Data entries
----------------
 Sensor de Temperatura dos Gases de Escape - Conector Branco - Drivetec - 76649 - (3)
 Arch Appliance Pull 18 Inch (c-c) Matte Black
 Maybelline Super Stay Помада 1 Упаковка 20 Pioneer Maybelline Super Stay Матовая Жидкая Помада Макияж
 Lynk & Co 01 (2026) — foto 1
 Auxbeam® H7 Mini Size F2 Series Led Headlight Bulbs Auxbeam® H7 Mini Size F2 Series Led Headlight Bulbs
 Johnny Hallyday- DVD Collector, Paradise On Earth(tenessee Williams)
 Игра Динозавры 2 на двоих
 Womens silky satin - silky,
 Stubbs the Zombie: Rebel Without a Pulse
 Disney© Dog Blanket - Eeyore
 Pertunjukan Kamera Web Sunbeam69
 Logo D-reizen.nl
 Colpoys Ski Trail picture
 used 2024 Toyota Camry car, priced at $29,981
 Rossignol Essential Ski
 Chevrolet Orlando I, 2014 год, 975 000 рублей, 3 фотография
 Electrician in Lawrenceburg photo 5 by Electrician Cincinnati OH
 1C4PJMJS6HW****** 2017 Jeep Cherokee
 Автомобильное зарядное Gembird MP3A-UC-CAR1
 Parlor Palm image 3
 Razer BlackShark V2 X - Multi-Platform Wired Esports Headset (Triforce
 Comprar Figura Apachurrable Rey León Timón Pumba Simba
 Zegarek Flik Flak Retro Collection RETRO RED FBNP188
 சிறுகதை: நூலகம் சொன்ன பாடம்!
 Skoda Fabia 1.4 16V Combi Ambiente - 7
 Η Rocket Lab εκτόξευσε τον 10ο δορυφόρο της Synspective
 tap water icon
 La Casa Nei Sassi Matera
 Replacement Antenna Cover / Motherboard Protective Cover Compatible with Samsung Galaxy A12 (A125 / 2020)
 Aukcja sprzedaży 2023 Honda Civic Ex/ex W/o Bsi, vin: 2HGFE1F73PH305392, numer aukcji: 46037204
----------------
GOAL OF THE EXERCISE →
Please output exactly the lines from the one containing "Comprar Figura Apachurrable" through the end of the records, both included.

SOLUTION FOR THIS TASK →
 Comprar Figura Apachurrable Rey León Timón Pumba Simba
 Zegarek Flik Flak Retro Collection RETRO RED FBNP188
 சிறுகதை: நூலகம் சொன்ன பாடம்!
 Skoda Fabia 1.4 16V Combi Ambiente - 7
 Η Rocket Lab εκτόξευσε τον 10ο δορυφόρο της Synspective
 tap water icon
 La Casa Nei Sassi Matera
 Replacement Antenna Cover / Motherboard Protective Cover Compatible with Samsung Galaxy A12 (A125 / 2020)
 Aukcja sprzedaży 2023 Honda Civic Ex/ex W/o Bsi, vin: 2HGFE1F73PH305392, numer aukcji: 46037204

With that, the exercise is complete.